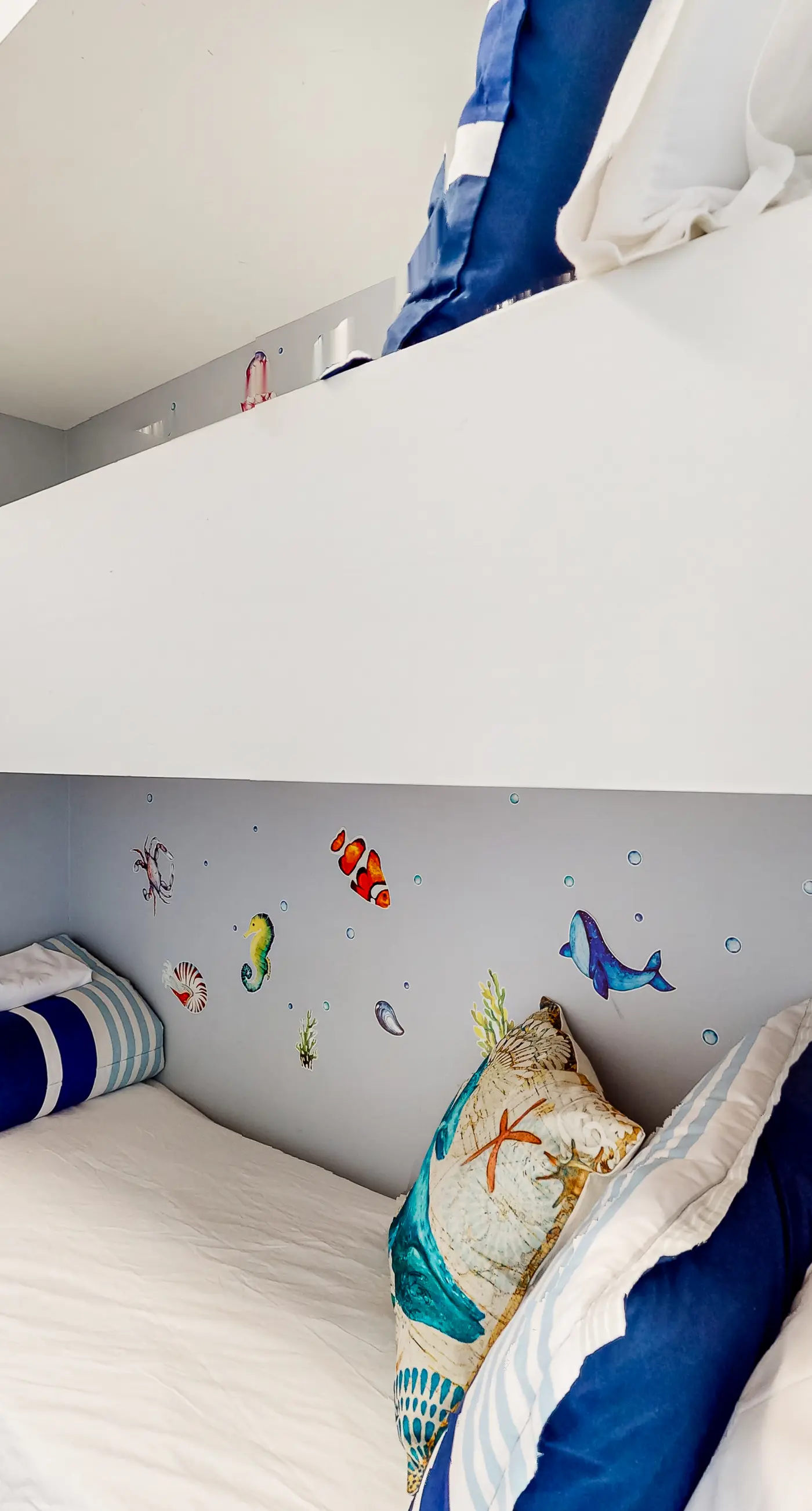 Bright oceanfront condo with pool, hot tub, sauna, tennis & central AC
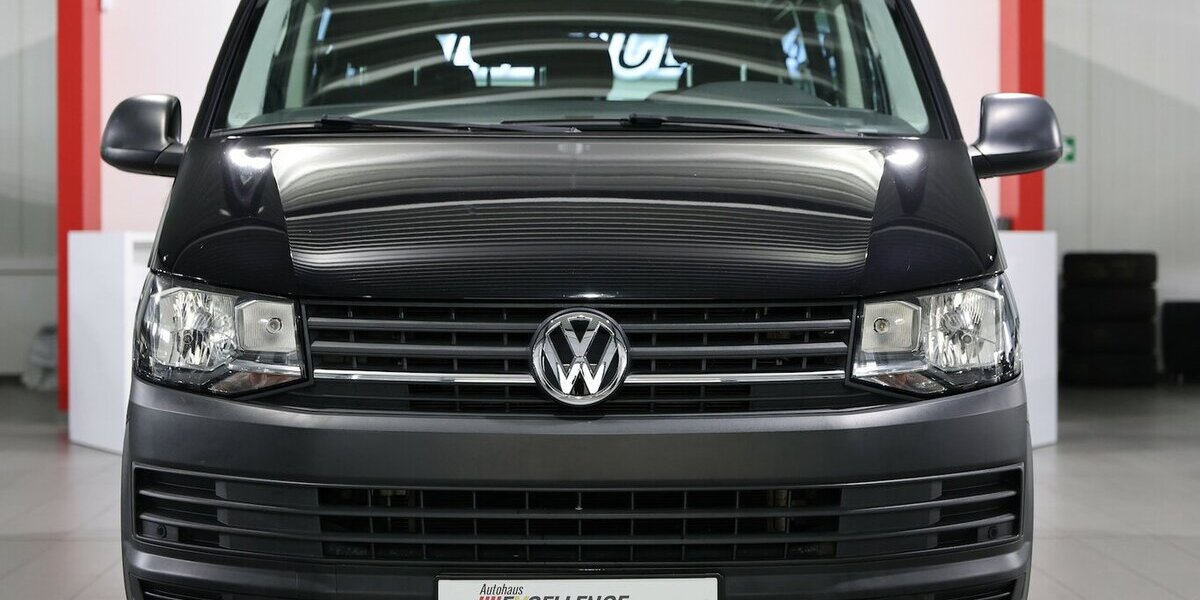 VW T6 Kombi TRANSPORTER 2.0 TDI / 9-SITZER / AHK 137.000 km 18.991 &euro; Hamm 59077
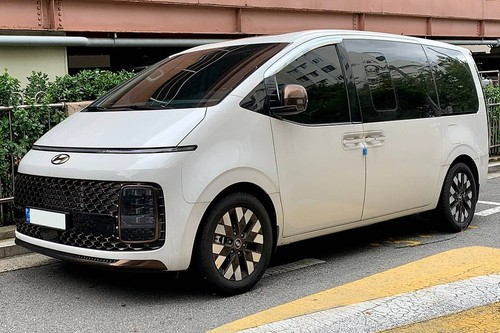 Used 2022 Hyundai Staria 2.2 CRDi Premium+ 8AT AWD 7-seater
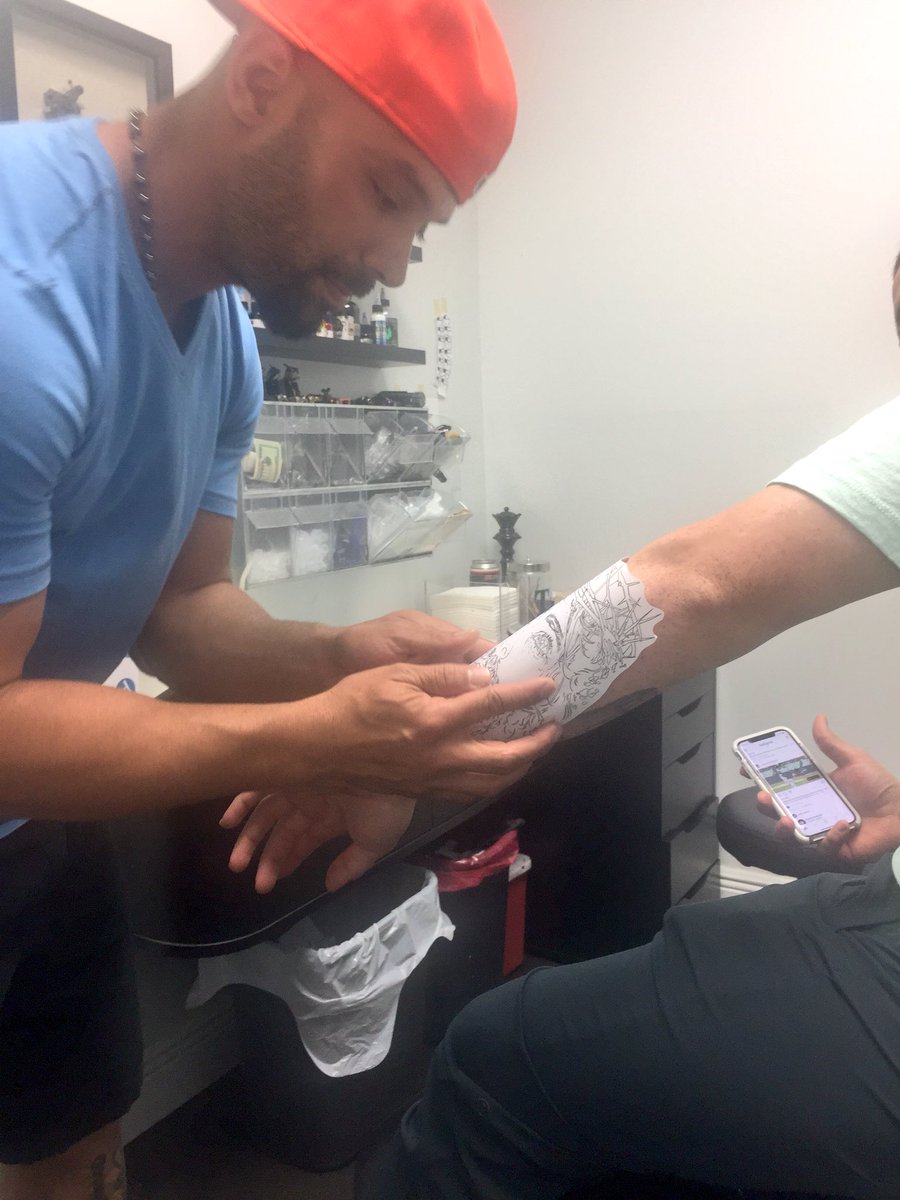 SupahFans's tweet photo. #Boston @RedSox catcher Christian Vázquez tatted up #JesusChrist #Tattoo on his forearm @MajorLeagueTatt Jan 10.

@RedSoxSupahFans #GetInked #Tattoos here April2,3 when Miami @Marlins host the #BoSox opening weekend. https://t.co/XrXmRM5sP3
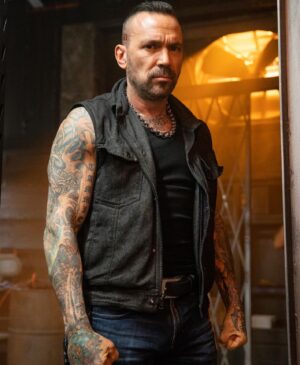 Jason David Frank Instagram - Follow my NEW movie !! @lotwhitedragon #1263

Leave a 🐉 if you’re on team ERIK REED 💥 @jdfffn  @rbrookesmith @jasonfaunt 🎬 @lotwhitedragon #whitedragon #batinthesun #teamlotwd #lotwd #actionmovies #karate #superhero #newuniverse 

#jdf #teamlotwd #superhero 
📸 @jimdonnellyphoto @kingbach @michaelmadsenofficial @maylingng @thekevinporter @aaronschoenke @dacascosmark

**Task to complete:** Your answer should be the exact lines above from the one containing "opening weekend. https://t.co/XrXmRM5sP3" through the one containing "#jdf #teamlotwd #superhero", with both end lines kept and the pictures removed, please.

**Result:**
@RedSoxSupahFans #GetInked #Tattoos here April2,3 when Miami @Marlins host the #BoSox opening weekend. https://t.co/XrXmRM5sP3
 Jason David Frank Instagram - Follow my NEW movie !! @lotwhitedragon #1263

Leave a 🐉 if you’re on team ERIK REED 💥 @jdfffn  @rbrookesmith @jasonfaunt 🎬 @lotwhitedragon #whitedragon #batinthesun #teamlotwd #lotwd #actionmovies #karate #superhero #newuniverse 

#jdf #teamlotwd #superhero 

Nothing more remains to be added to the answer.